(Entries supplied begins)

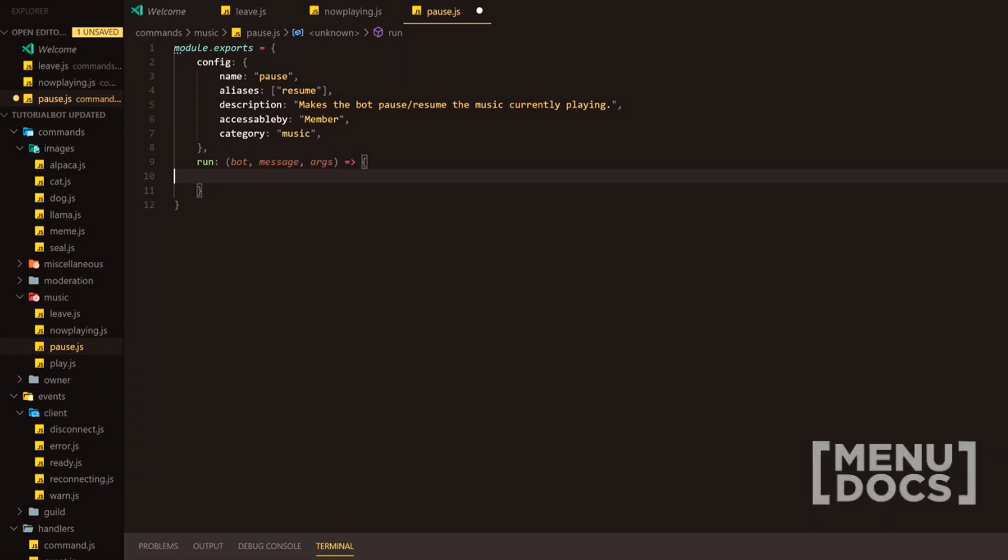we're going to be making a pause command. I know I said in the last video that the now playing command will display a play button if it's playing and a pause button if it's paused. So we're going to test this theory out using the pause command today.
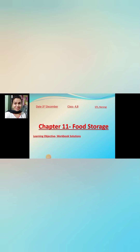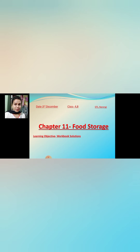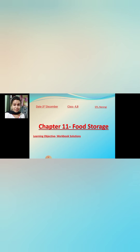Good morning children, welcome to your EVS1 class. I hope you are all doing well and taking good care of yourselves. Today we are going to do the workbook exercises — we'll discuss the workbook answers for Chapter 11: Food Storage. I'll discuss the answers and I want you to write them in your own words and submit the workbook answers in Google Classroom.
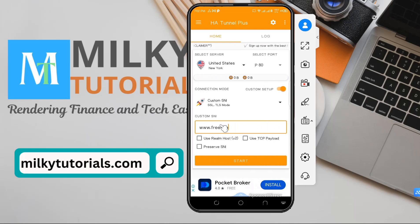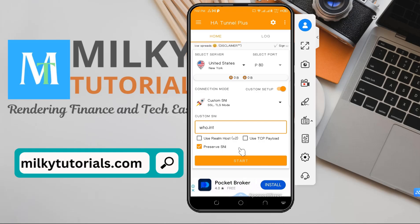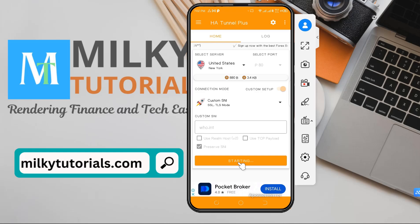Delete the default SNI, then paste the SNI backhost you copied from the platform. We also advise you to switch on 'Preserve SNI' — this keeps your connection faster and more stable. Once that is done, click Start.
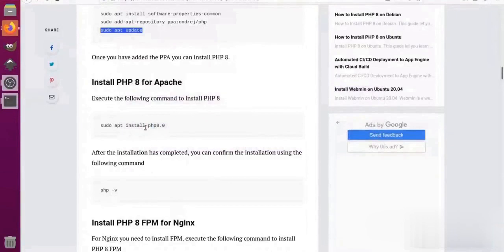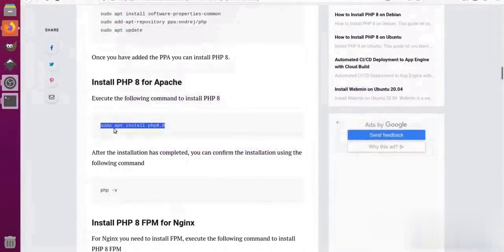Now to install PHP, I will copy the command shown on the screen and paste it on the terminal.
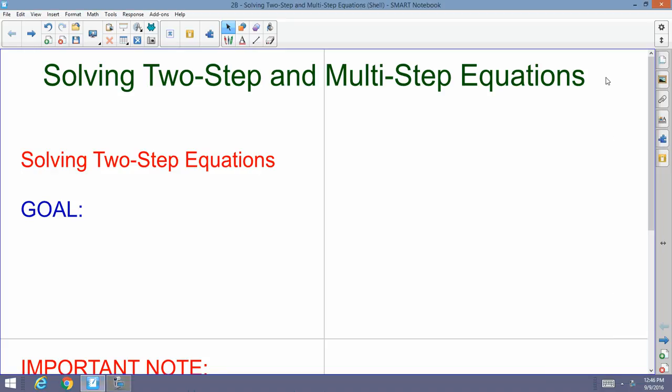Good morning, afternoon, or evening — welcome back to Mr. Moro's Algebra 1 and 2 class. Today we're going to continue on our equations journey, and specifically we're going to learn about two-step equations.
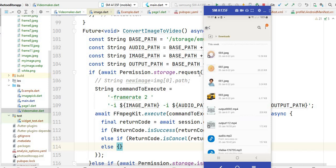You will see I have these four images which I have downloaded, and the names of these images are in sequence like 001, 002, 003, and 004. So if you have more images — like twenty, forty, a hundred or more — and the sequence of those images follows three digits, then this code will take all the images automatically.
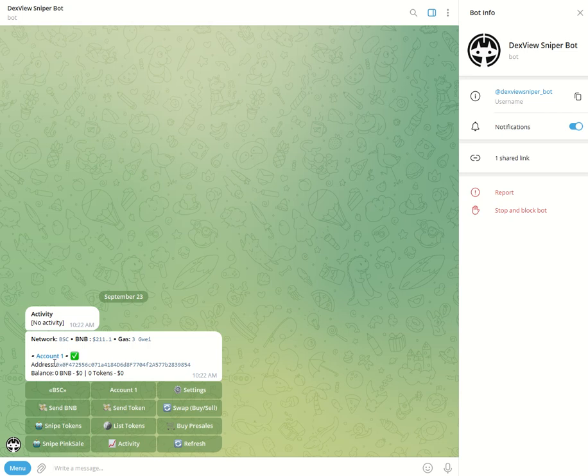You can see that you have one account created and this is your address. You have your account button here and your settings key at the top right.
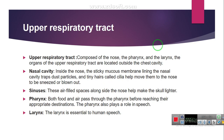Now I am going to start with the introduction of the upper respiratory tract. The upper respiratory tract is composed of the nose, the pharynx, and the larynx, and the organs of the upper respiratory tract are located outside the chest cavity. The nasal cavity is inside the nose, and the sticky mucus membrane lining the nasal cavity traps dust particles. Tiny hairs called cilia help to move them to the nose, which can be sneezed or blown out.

(Entries supplied ends)

Going by the entries above, repeat exactly the lines that start at the line with "Good morning, afternoon, or" and go on through the line with "You can see". Pictures are not part of the copy.

● Output below:
Good morning, afternoon, or evening — welcome back to Mr. Moro's Algebra 1 and 2 class. Today we're going to continue on our equations journey, and specifically we're going to learn about two-step equations.
You will see I have these four images which I have downloaded, and the names of these images are in sequence like 001, 002, 003, and 004. So if you have more images — like twenty, forty, a hundred or more — and the sequence of those images follows three digits, then this code will take all the images automatically.
You can see that you have one account created and this is your address. You have your account button here and your settings key at the top right.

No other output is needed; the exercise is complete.